Di and I donated tickets to the Boston Museum of Science to Miles’s fourth grade class. His teacher, Ms. Mullen, asked if we would would like to attend, knowing our mutual interests in science would help her in answering questions raised by the kids.
One of the scheduled activities was a visit to the Design Challenge area, where kids could learn about a basic physical principle and then build something that worked with that concept. This month’s concept was friction; the design challenge was to build either the fastest or slowest “sled” to race down a series of teflon tracks. After noticing the task’s similarity to the Pinewood Derbys of my Cub Scout youth (and choking back the horrible failure flashbacks), I set to work.

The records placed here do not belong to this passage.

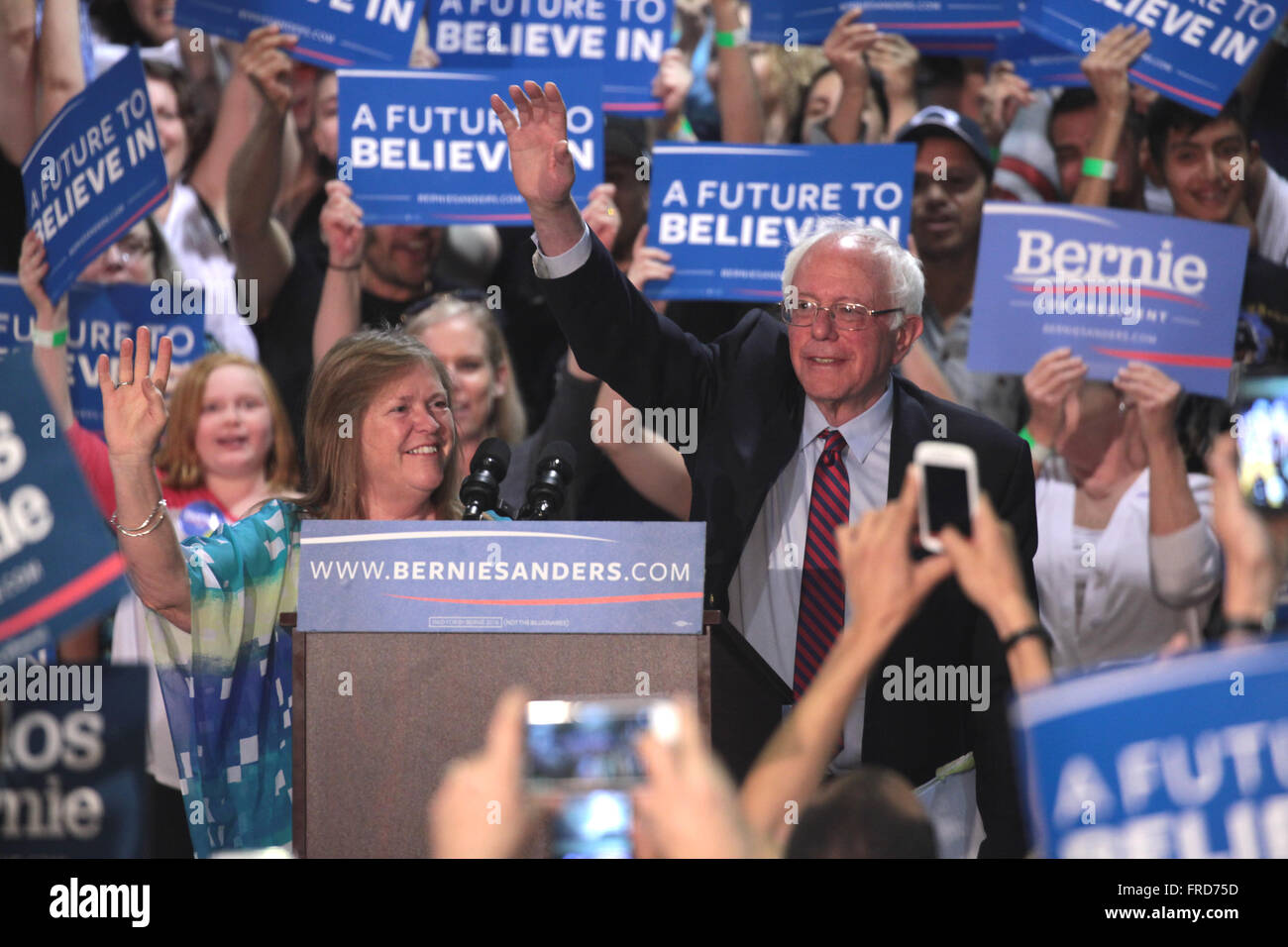 Le sénateur américain et le candidat démocrate Bernie Sanders parle aux partisans lors d'un rassemblement électoral à l'Arizona State Fairgrounds, 19 mars 2016 à Phoenix, Arizona. Banque D'Images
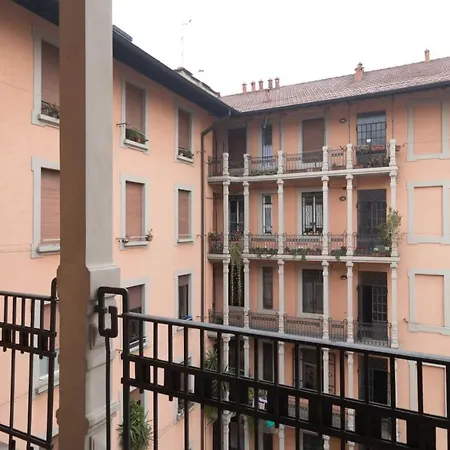 Italianway - Garigliano 8 Milan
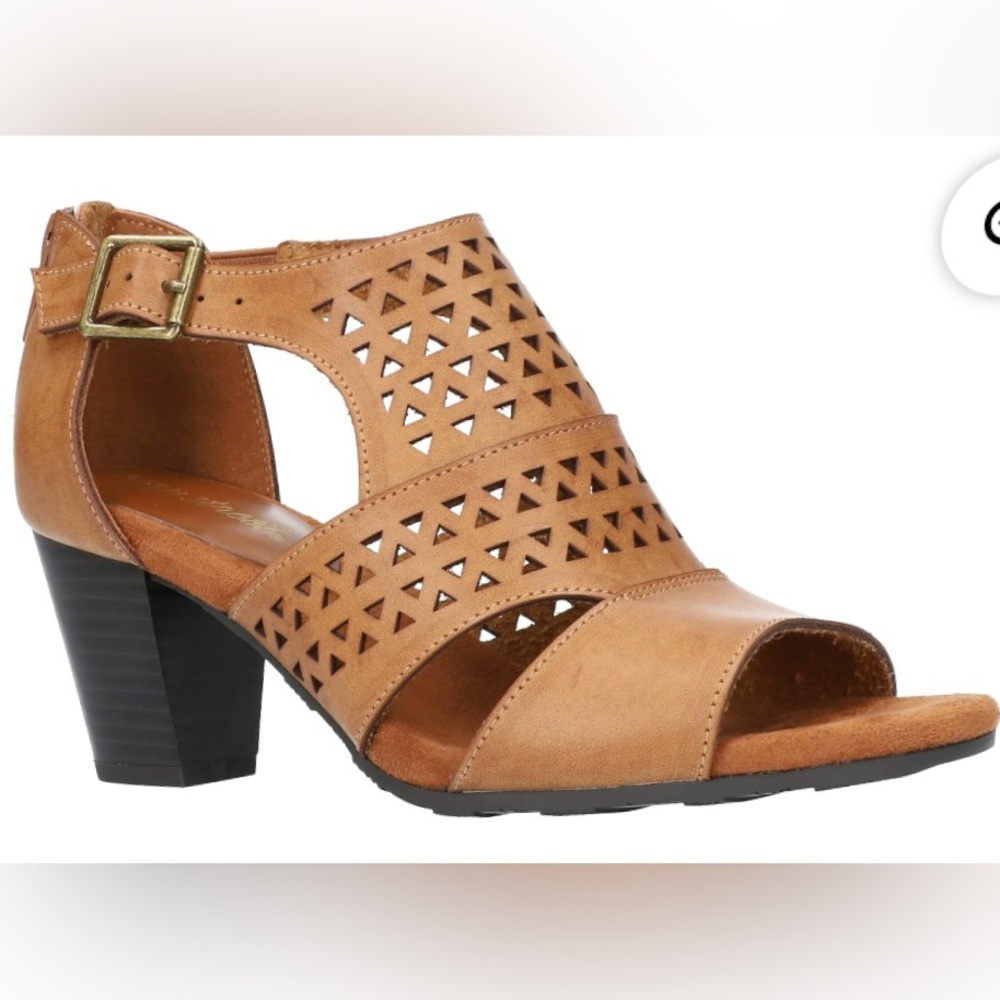 NIB: Women’s Easy Street Luggage Adara Heeled Sandals. Size 9 1/2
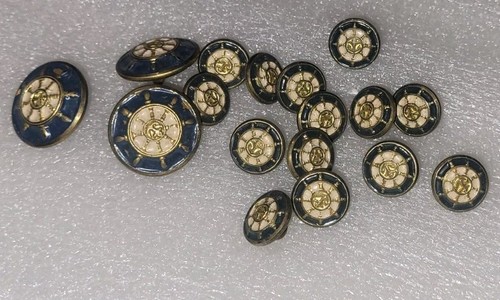 Lot anciens boutons roue - 17,
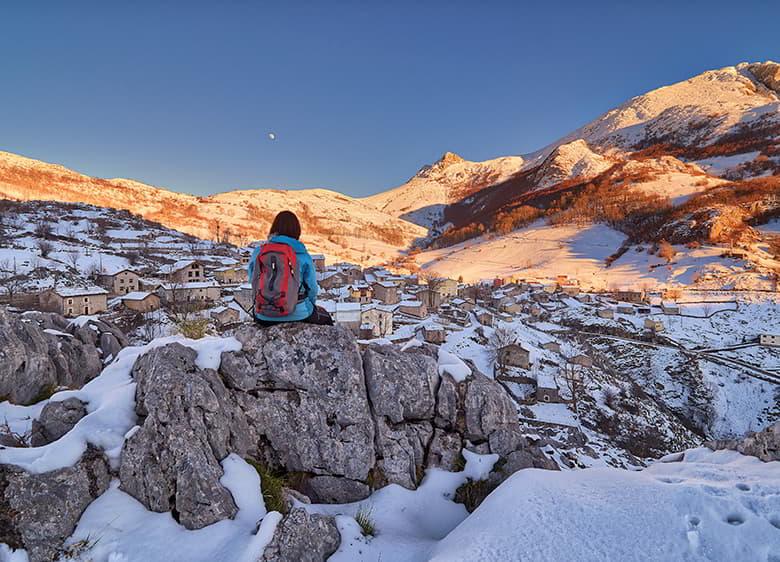 Image of snowy Sotres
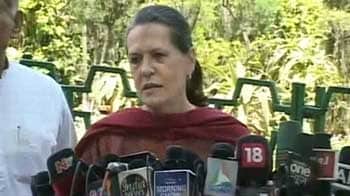 Video : Sonia Gandhi rules out change of Prime Minister
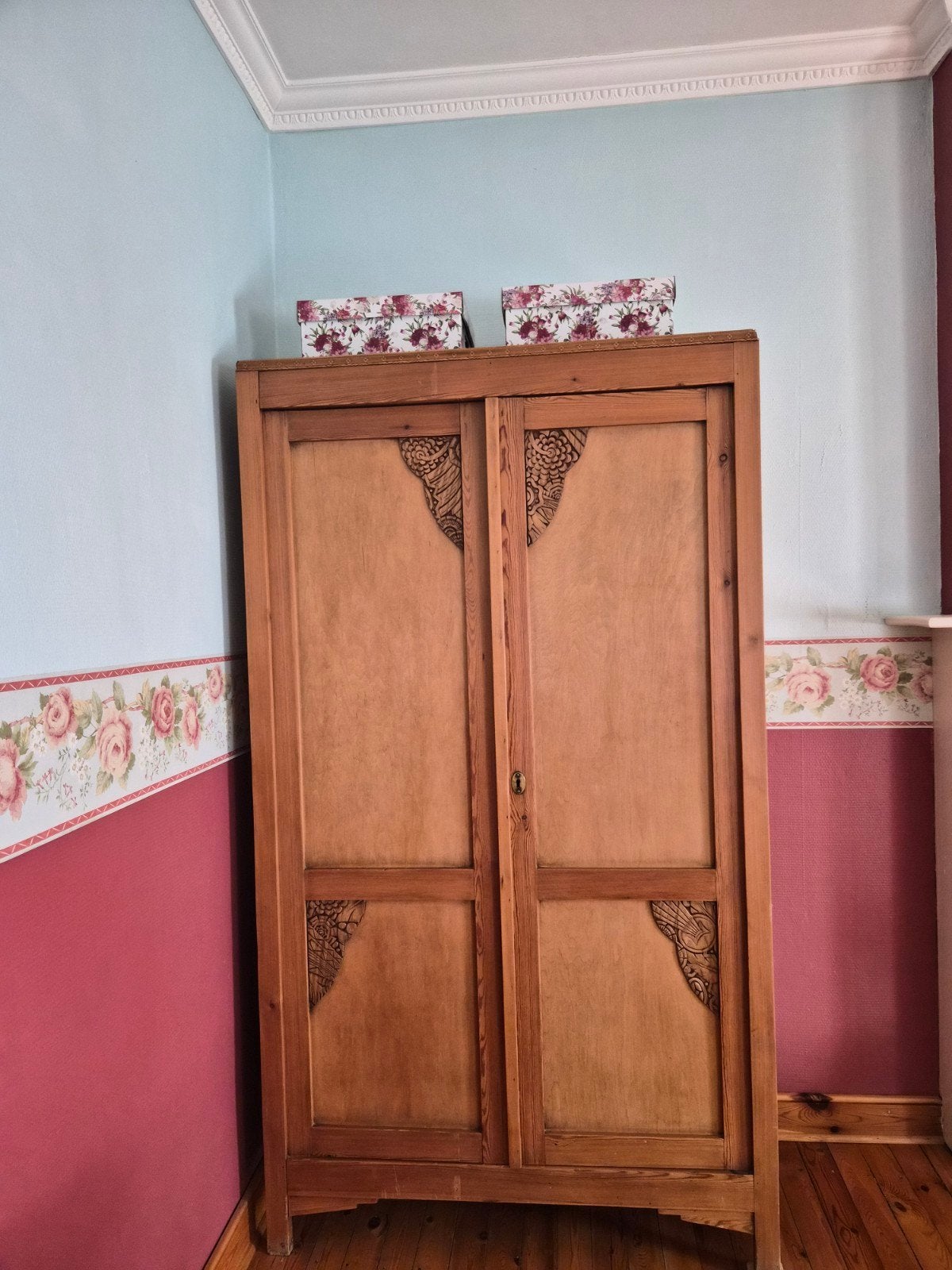 Armoire ancienne avec planches intérieures, Maison & Meubles, Enlèvement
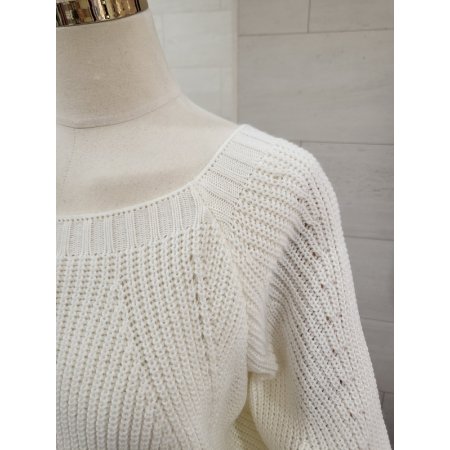 하찌 스퀘어넥 볼륨니트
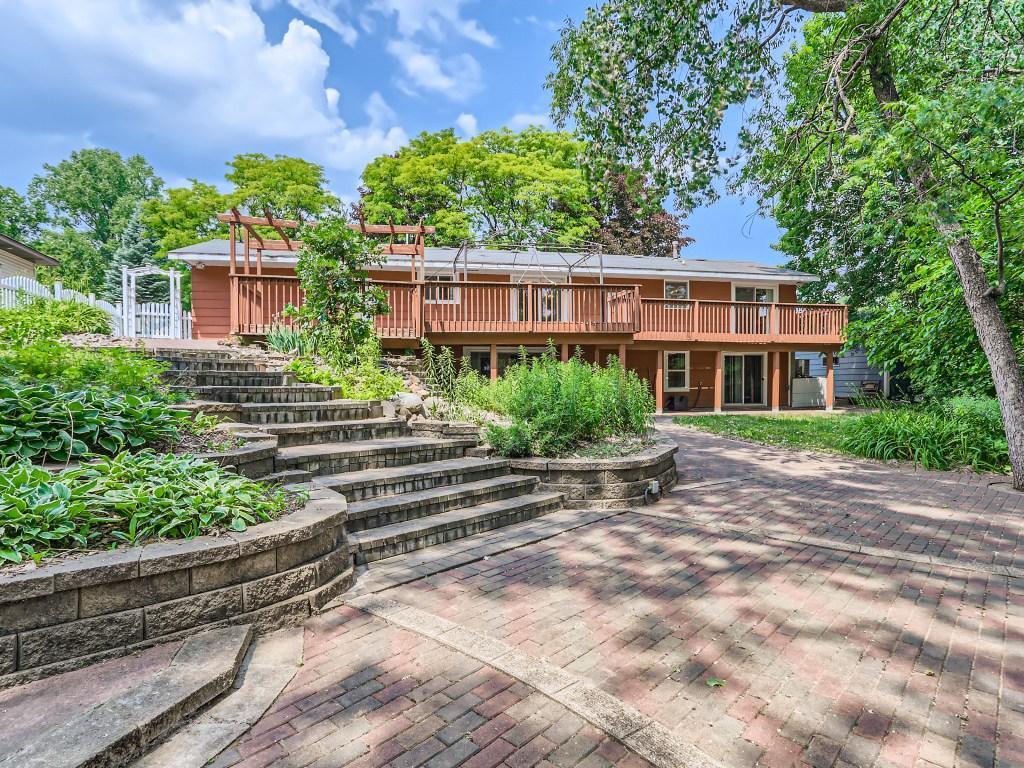 2334 75th Street E Inver Grove Heights MN 55076 6392992 image1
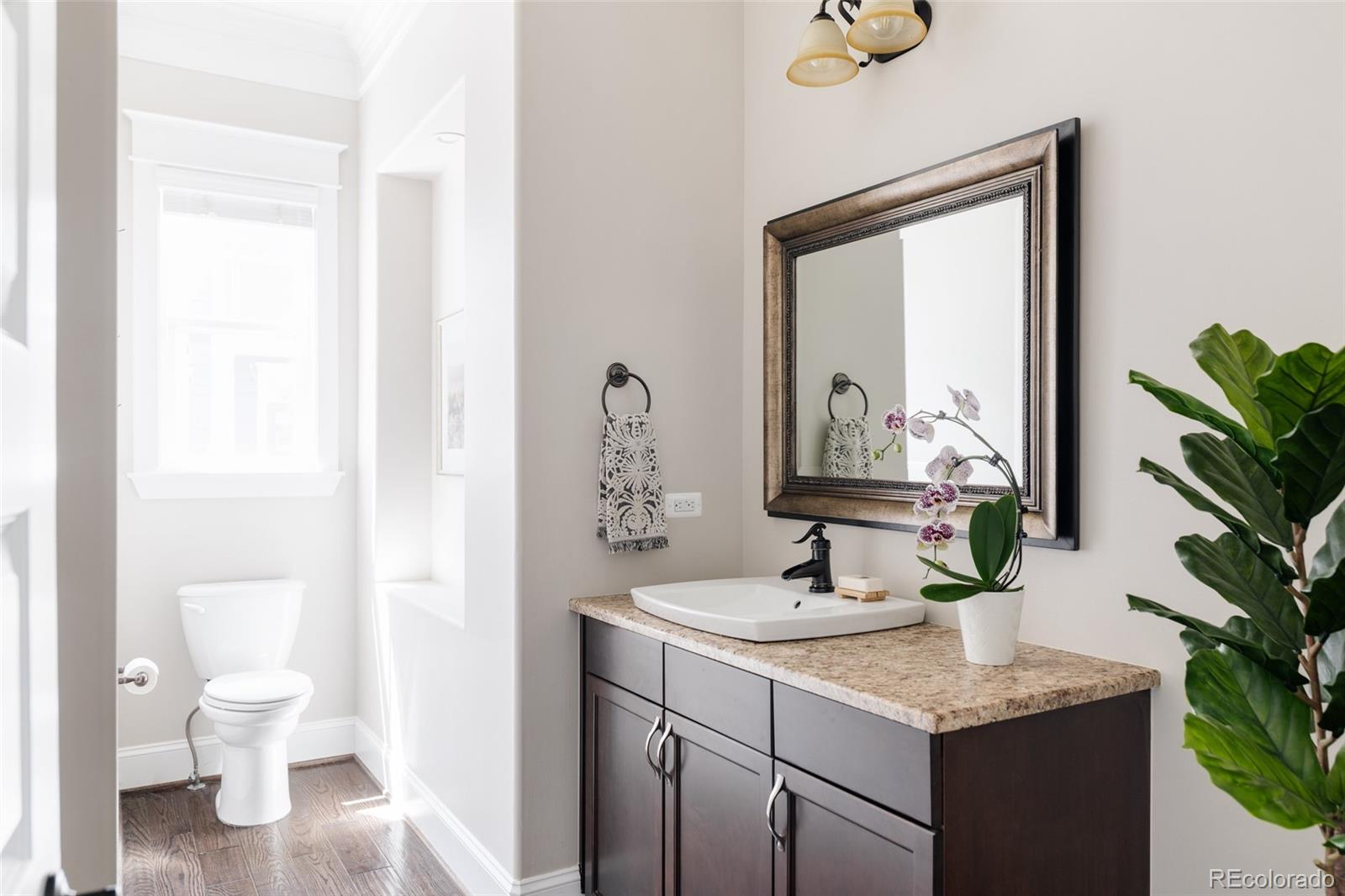 MLS Image #11 for 8904 e 51st avenue,denver, Colorado
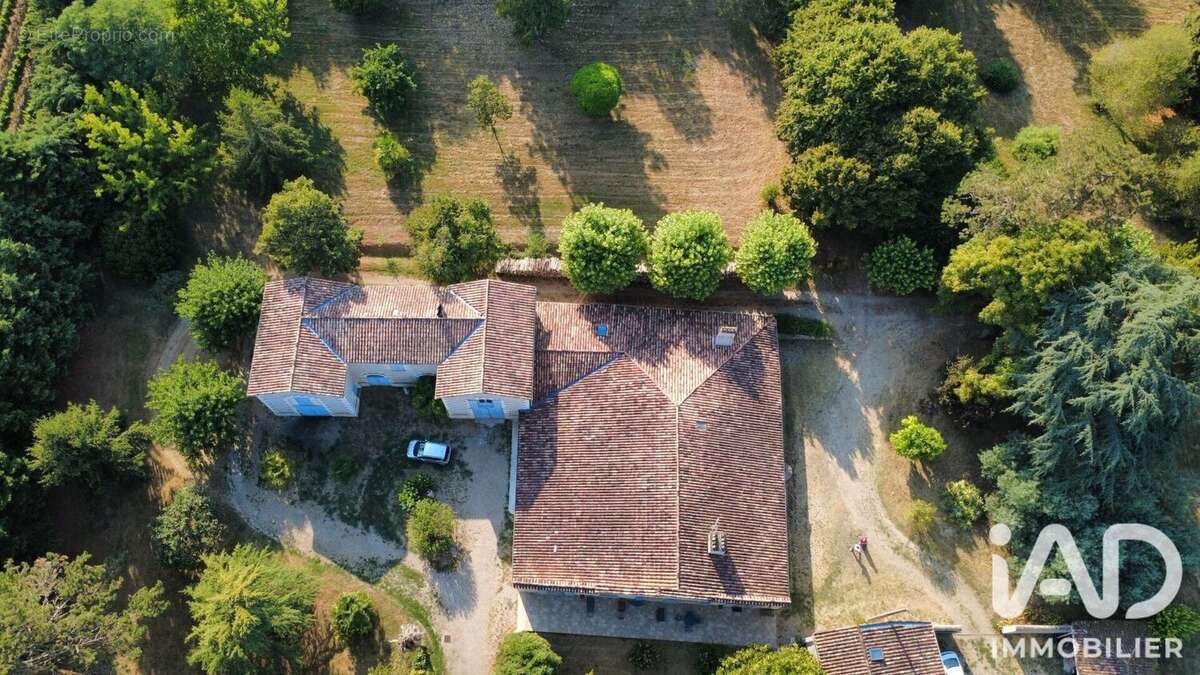 Maison 582 m² à Marcellus  - photo 8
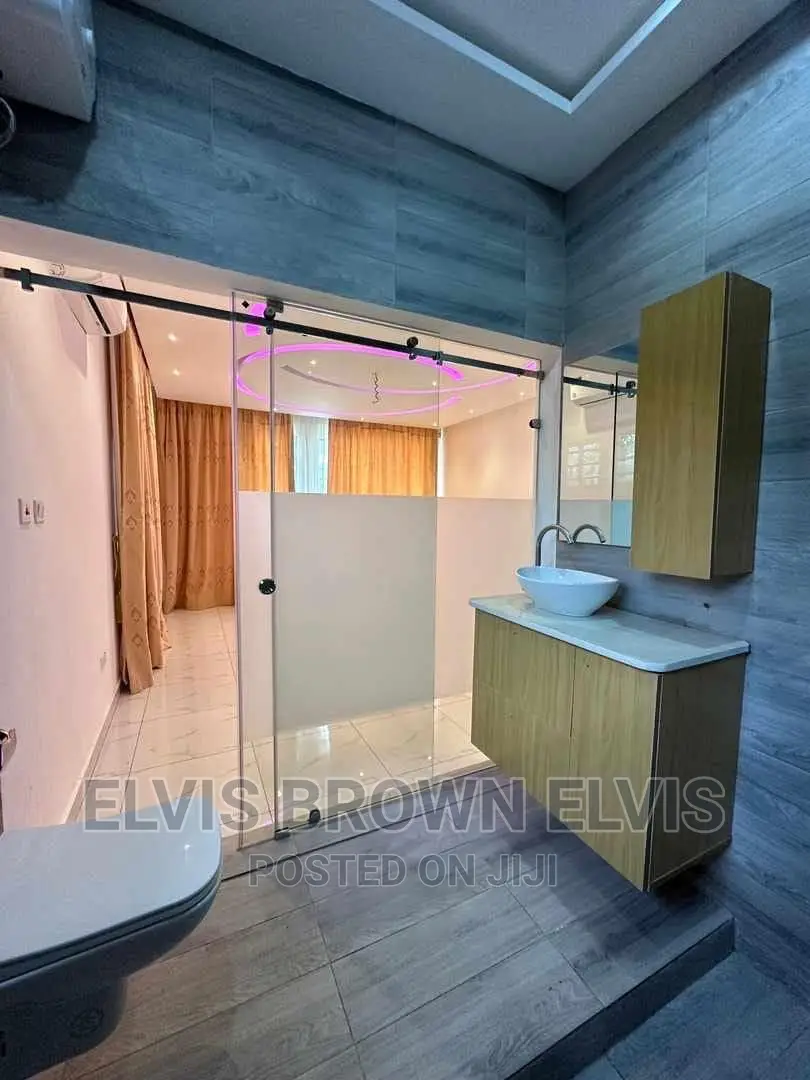 Executive 3 Bedrooms House for Sale at Lakeside in Ashaley Botwe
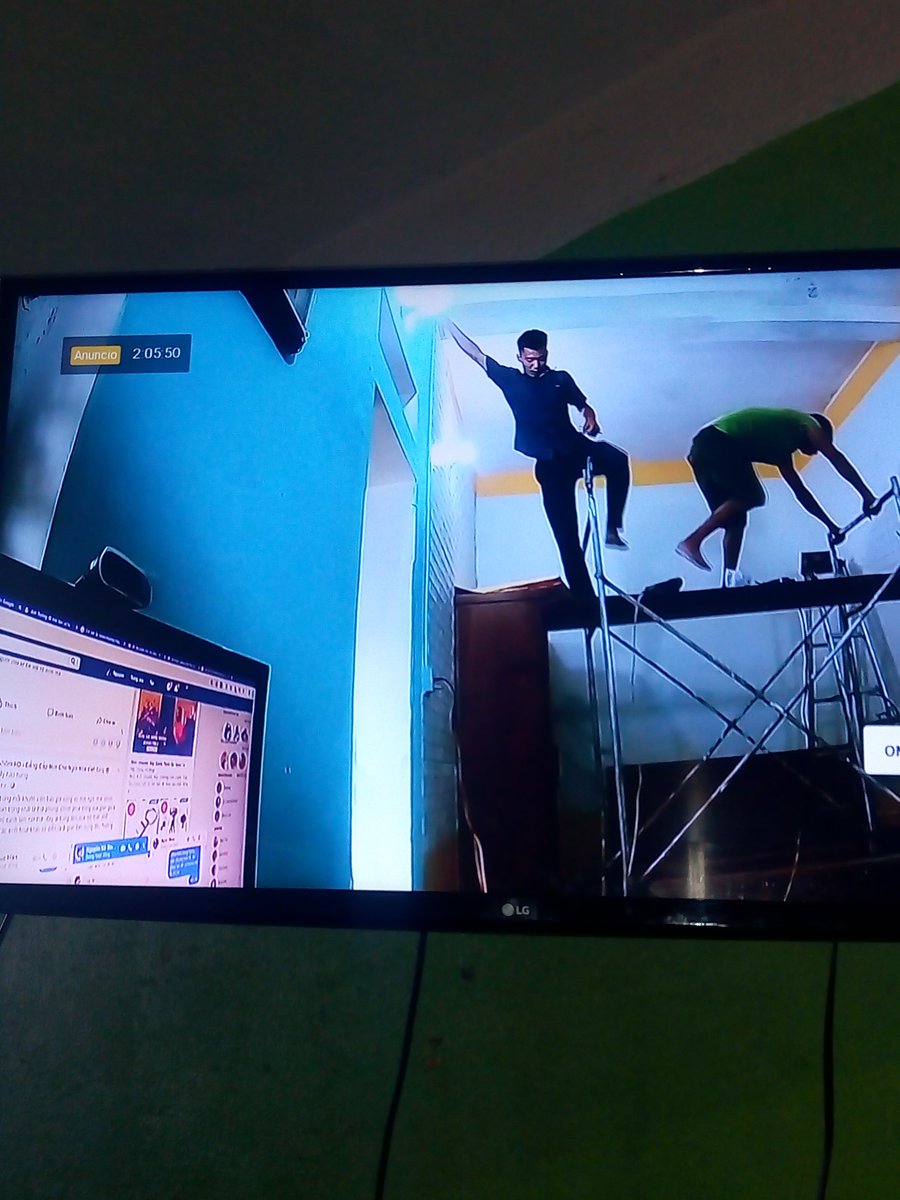 vikZero's tweet photo. @eldiariodedross recordé que en algún momento hiciste un vídeo de comerciales extraños en Youtube... Casualmente me apareció este con una duración mayor a las 2 hrs. Y hablan como en un idioma oriental https://t.co/qug0MMOmW9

We were each given a plastic tray to which we could attach our design modifications. There were different fabrics that could be used to cover the tray bottoms, weights that could be added, pipe cleaners, straws, and large and small binder clips. We could run each trial design on the tracks, which were equipped with LED sensors and timers accurate to a hundredth of a second.
Even though I didn’t major in an engineering discipline, the pressure was on — the MIT guy had to make a good showing in front of a bunch of 9-year-olds. First I tested the unadorned tray on the track: it took 1.5 seconds to travel to the bottom. Thinking that a pair of runners would produce the least amount of friction, I clipped two of the straws across the tray bottom using the small binder clips. (I had already figured out that two small clips weighed less than one large clip.) Here’s what I came up with:
Very simple. The runners are spaced far apart for stability and pulled tightly against the tray bottom to prevent bouncing.
My first test run on the track set the new record for the day:
Miles and his classmates noticed my win and started asking me questions about what I did. I looked at each of their sleds, asking how each might be made faster, letting them come up with the answers. It only took two minutes before one of them set a new record.
Everyone had fun, Miles’s class learned few things, and I had a “teachable moment.” What more could I ask? Oh, maybe fewer fart jokes during lunch.